En Sardaigne, la forte prévalence à la fois de la sclérose en plaques (SEP) et du diabète de type 1 est-elle le fruit du hasard ou d'une prédisposition génétique particulière ? Pour y répondre, les neurologues de la clinique spécialisée de Cagliari ont enquêté auprès des 1 090 personnes concernées par la SEP en Sardaigne (chiffre pratiquement exhaustif en raison de l'existence d'une unique clinique spécialisée sur l'île), de leurs parents (n = 2 180) et de leur fratrie (n = 3 300). Tous les candidats de la cohorte (parents, grands-parents, arrière-grands-parents) devaient être nés et avoir vécu en Sardaigne. L'enquête a consisté à établir une généalogie verticale et horizontale à partir des cas index, c'est-à-dire des patients ayant une SEP confirmée par des critères cliniques et biologiques. L'âge, le sexe, l'existence d'un diabète de type 1 et l'existence d'une SEP étaient les éléments recherchés afin de procéder secondairement à l'analyse statistique de la prévalence des deux maladies.

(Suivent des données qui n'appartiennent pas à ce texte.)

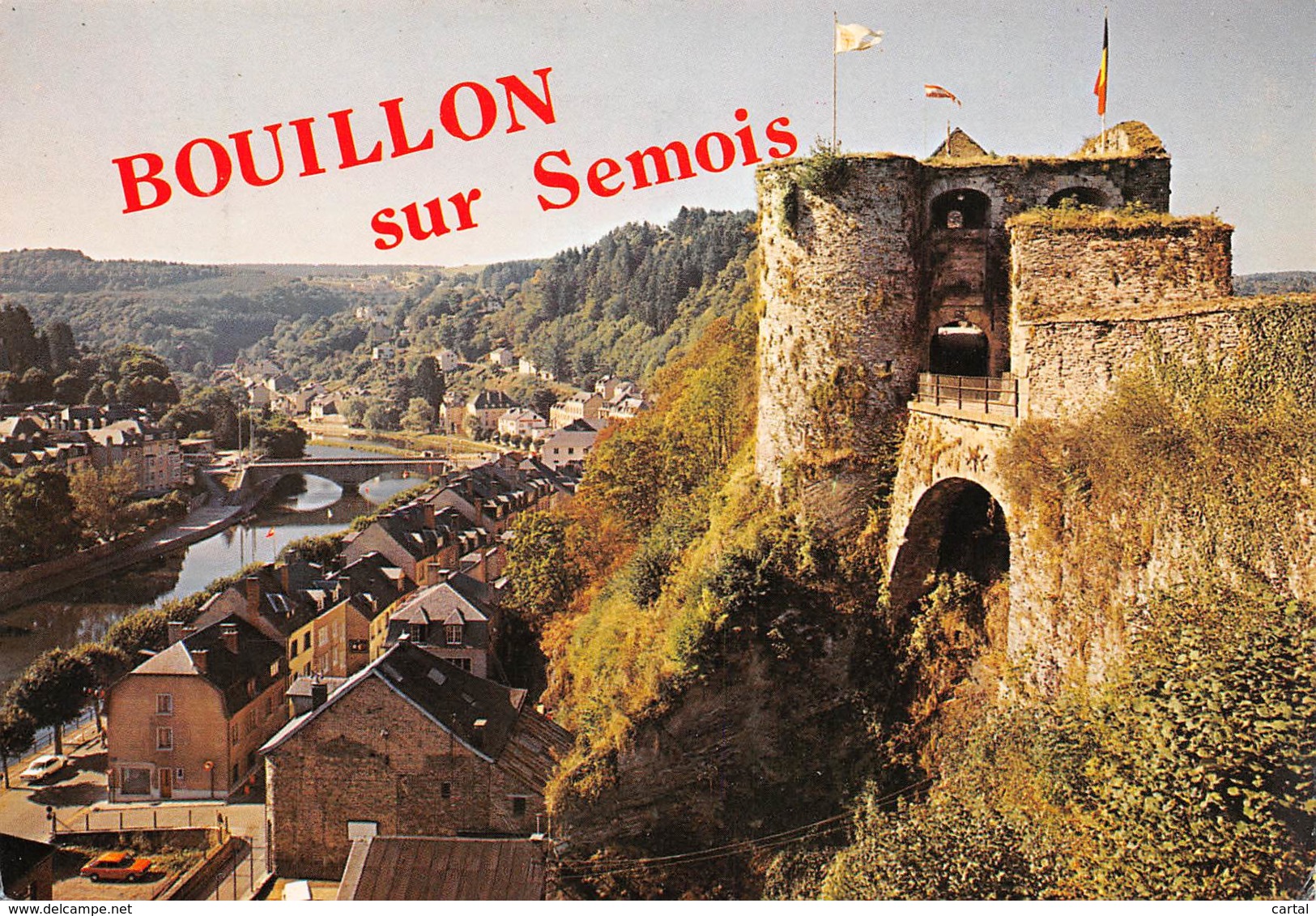 CPM - BOUILLON Sur SEMOIS - Bouillon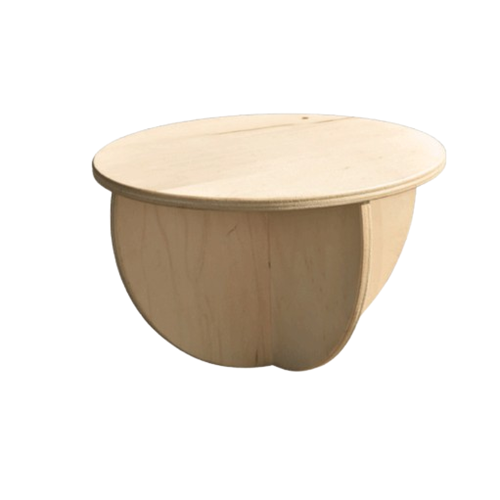 Banc de méditation en bois fabriqué en France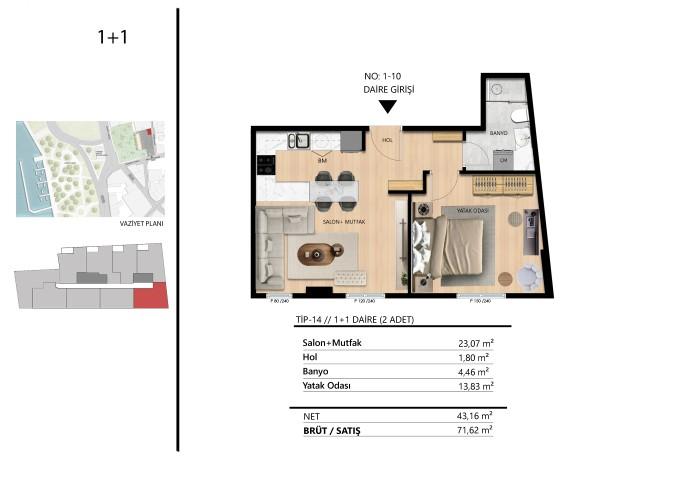 New cozy residential complex on the first coastline in Istanbul - Umbrella Group - Photo 18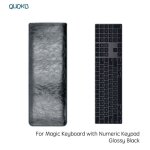 Housse de pochette ultra - fine pour clavier apple magic, �tui en cuir microfibre pour ordinateur portable ...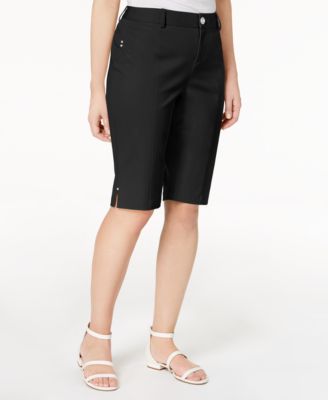 womens bermuda shorts macys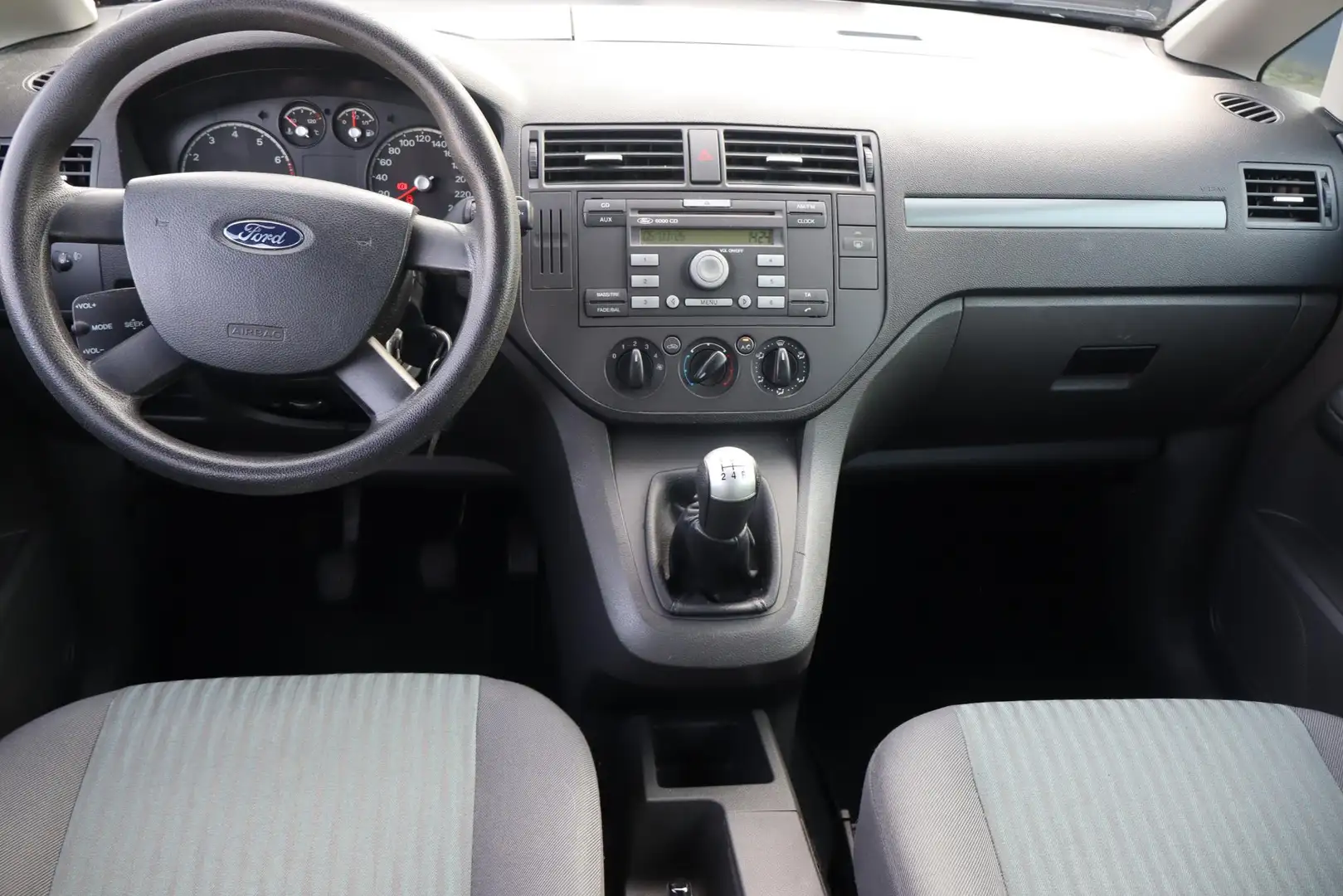 Ford Focus C-Max 1.6-16V Champion Trekhaak, Elektrische ramen, Radi Grau - 2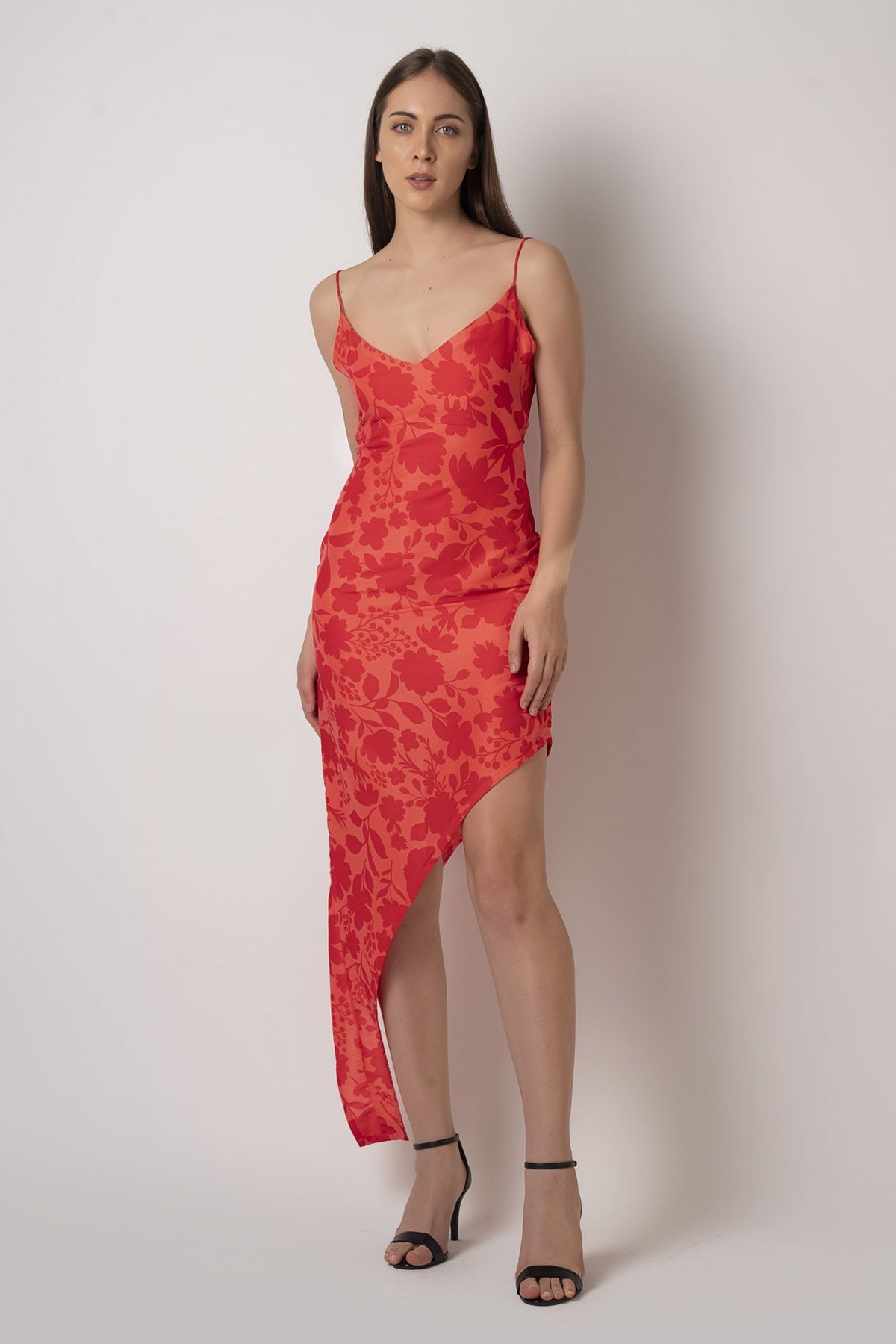 Buy Designer Spaghetti Straps Blossom Dress for Women Online
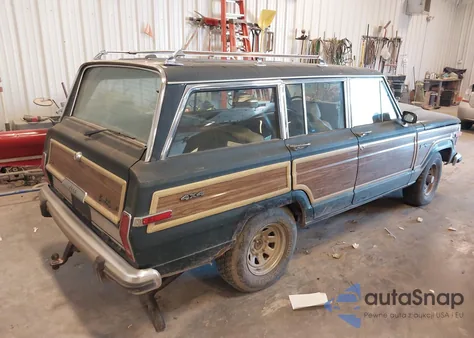 1991 Jeep Grand Wagoneer z USA, uszkodzony, nr VIN 1J4GS5877MP801376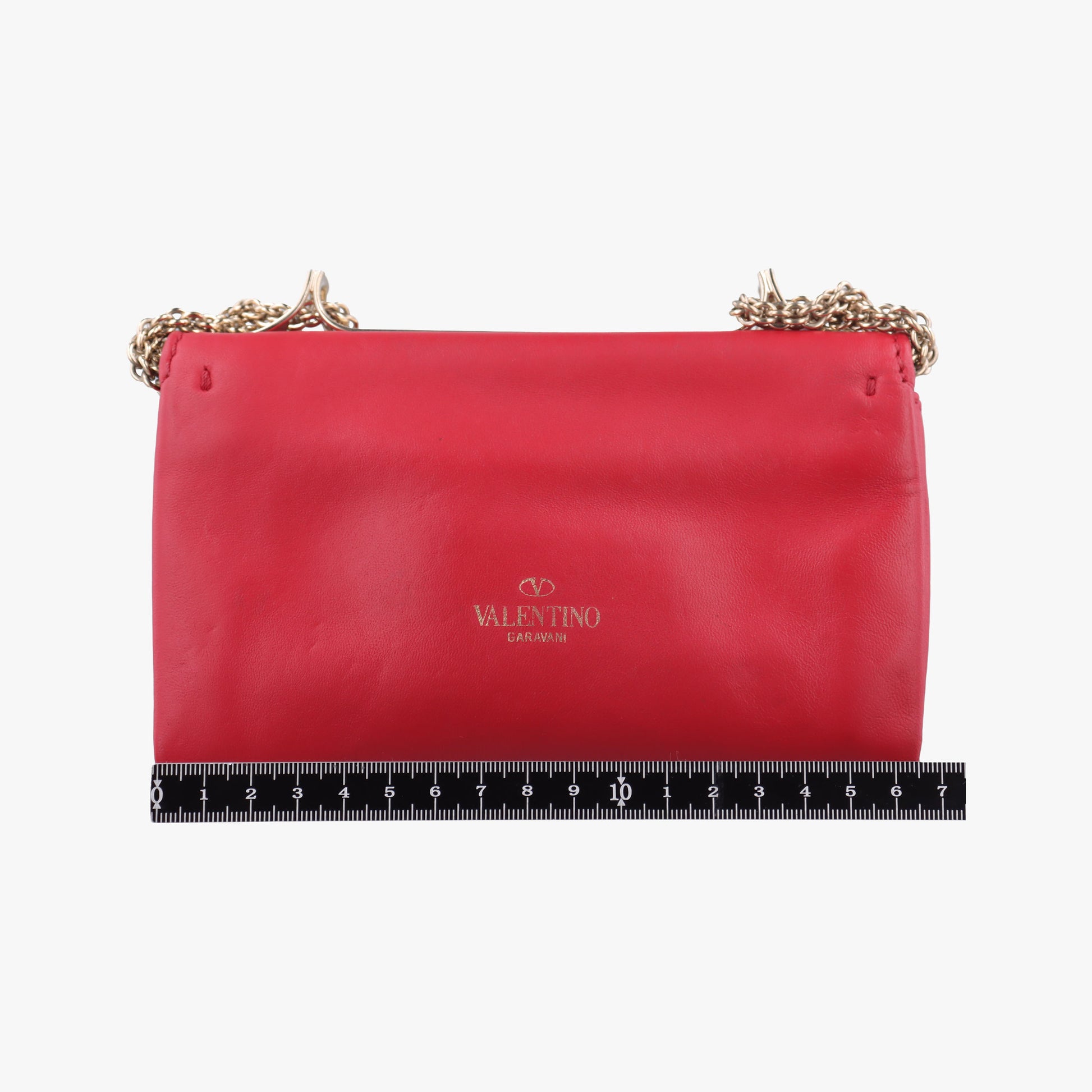 Rockstud VA VA VOOM Red Leather ロックスタッズ ヴァ ヴァ ヴーム レッド レザー 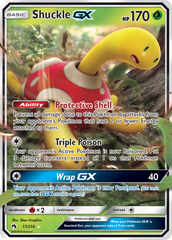 Shuckle GX (17/214) [Sun & Moon: Lost Thunder] | Chromatic Games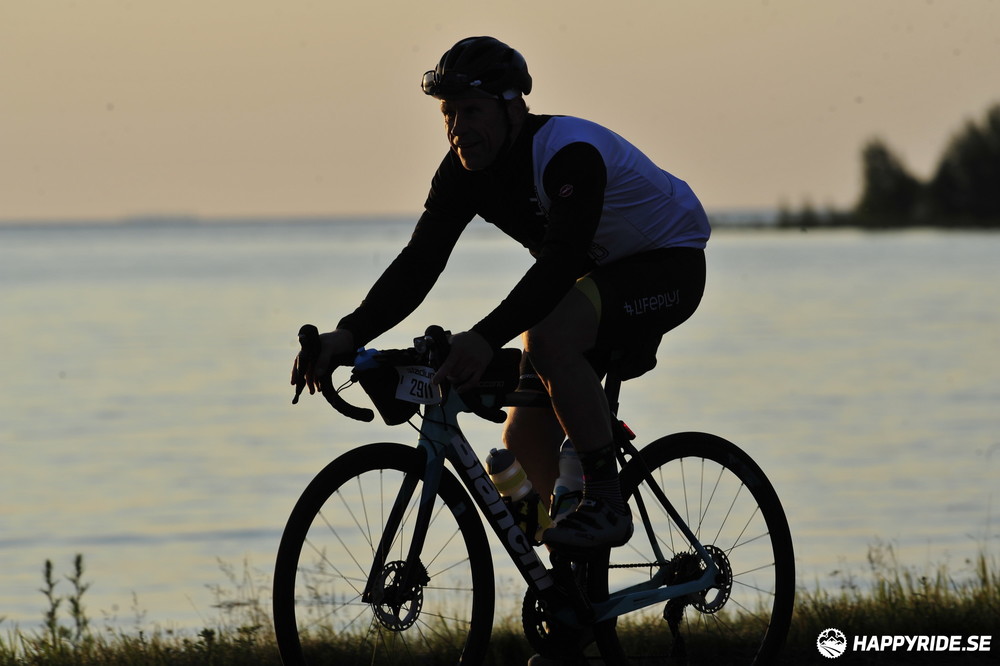 Bild från Vätternrundan 2023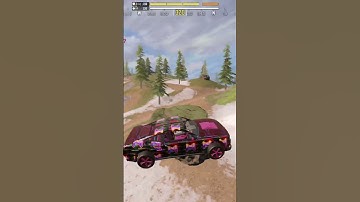 Epic Car Chase: Hoverbike Heist and Revenge #codm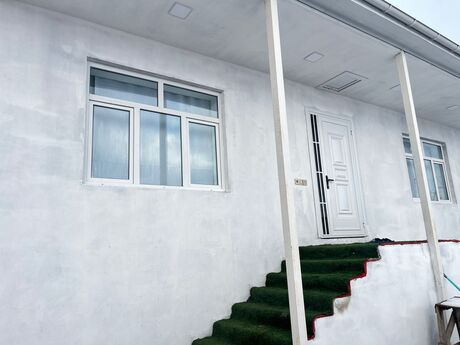 4 otaqlı həyət evi/bağ evi - Qəbələ - 150 m²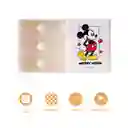 Organizador Plástico Tres Capas Disney Mickey Mouse Miniso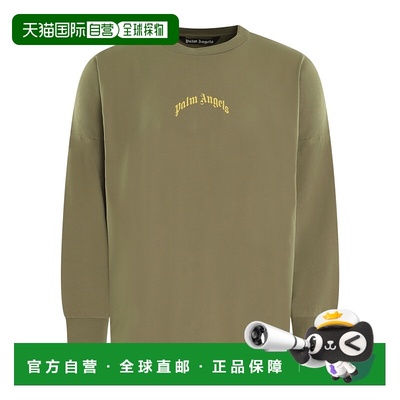 PALM ANGELS 男士T恤 PMAB059F25JER0015818 AW2025长袖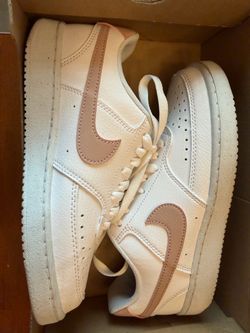 Nike Low-Top White Leather Sneakers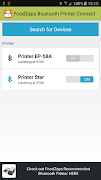 Bluetooth POS Printer Boost (FoodZaps POS Only) screenshot 1
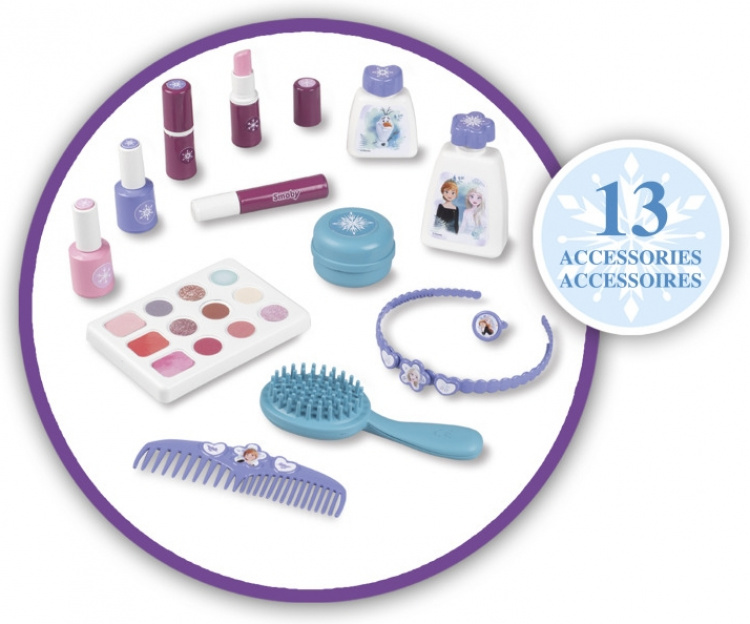 Smoby SAS Smoby Frozen -kosmetiikkalaukku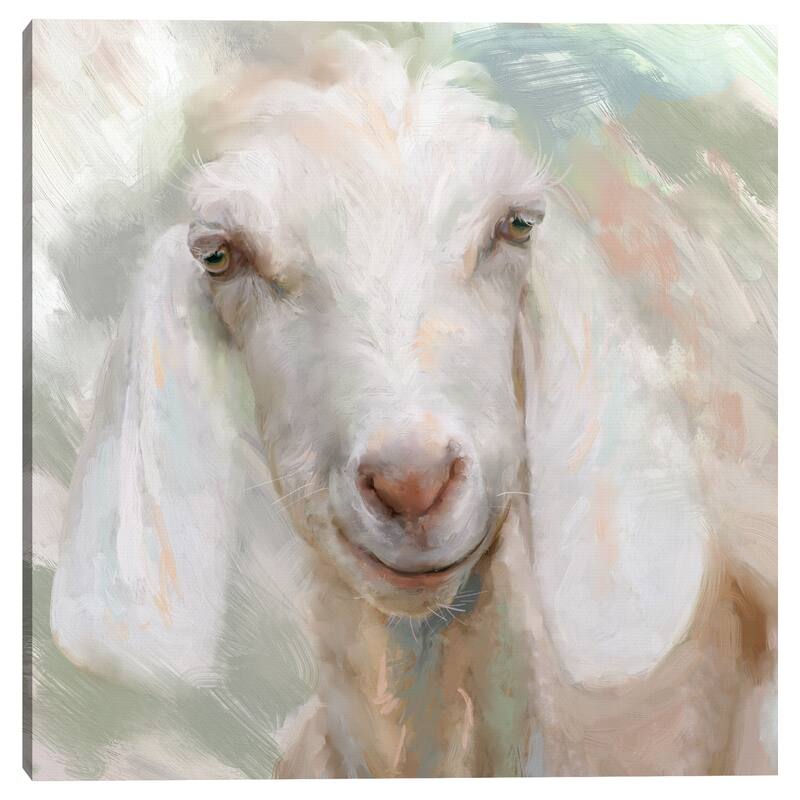 Farm Critters I by Studio Arts Canvas Art Print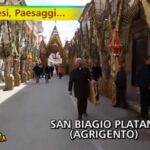 Archi di Pane di San Biagio Platani: arrivano le telecamere di “Striscia la Notizia” – VIDEO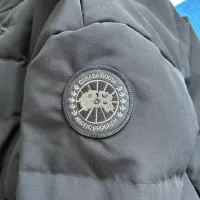 Cheap Canada Goose Down Feather Coat Long Sleeved For Women #1370033 Replica Wholesale [$162.00 USD] [ITEM#1370033] on Replica Canada Goose Down Feather Coat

SEP : entre 3 et 5 fois plus de diabète
Chez les personnes atteintes de SEP, la prévalence du diabète s'est révélée trois fois supérieure à celle des membres de leur famille en bonne santé et cinq fois supérieure à la prévalence du diabète dans la population générale. Les mères des cas index avaient trois fois plus de risque d'être diabétiques que les femmes de la population générale et deux fois plus que les pères. Les cas index femmes (n = 750) avaient également une plus forte prévalence de diabète que leurs surs. L'âge au moment du diagnostic de la SEP et le sexe étaient, en revanche, non liés à la prévalence du diabète (d'où exclusion de ces critères dans l'analyse en régression logistique). Après analyse multivariée, la relation entre la SEP et le diabète en Sardaigne s'est confirmée : la présence d'un cas de SEP au sein d'une famille augmente le risque de diabète de type 1 (ratio de 3,41). Ce dernier est maximal (multiplié par 6) pour les personnes porteuses d'une SEP, dont un autre membre de la famille est également atteint, comparativement à la fratrie en bonne santé d'une personne atteinte de SEP.
Un résultat étonnant
« Un résultat étonnant, commente dans son éditorial un spécialiste d'une université de Seattle, car la prédisposition génétique connue dans la SEP protège du diabète de type 1,mais cette observation n'est pas entièrement nouvelle, et il existe des similitudes physiologiques évidentes entre le diabète de type 1 et la SEP. » Les deux affections sont en effet considérées comme des maladies auto-immunes mettant en jeu les lymphocytes T et conduisant, dans un cas, à la destruction de la myéline, dans l'autre, à celle des cellules bêta des îlots de Langerhans. « L'explication de cette particularité sarde se trouve dans l'haplotype de susceptibilité de la SEP, dit encore l'éditorialiste, qui n'est pas le même que celui des populations d'Europe du Nord préalablement décrit.L'haplotype le plus représentatif de la cohorte est-il aussi en cause dans la susceptibilité à d'autres maladies auto-immunes, telles que la maladie coeliaque, fréquente en Sardaigne ? Quelle est la part des facteurs liés au HLA et des facteurs non liés au HLA ? » De nombreuses réponses restent à trouver.
Maria Giovanna Marrosu et coll., « The Lancet », vol. 359, 27 avril 2002.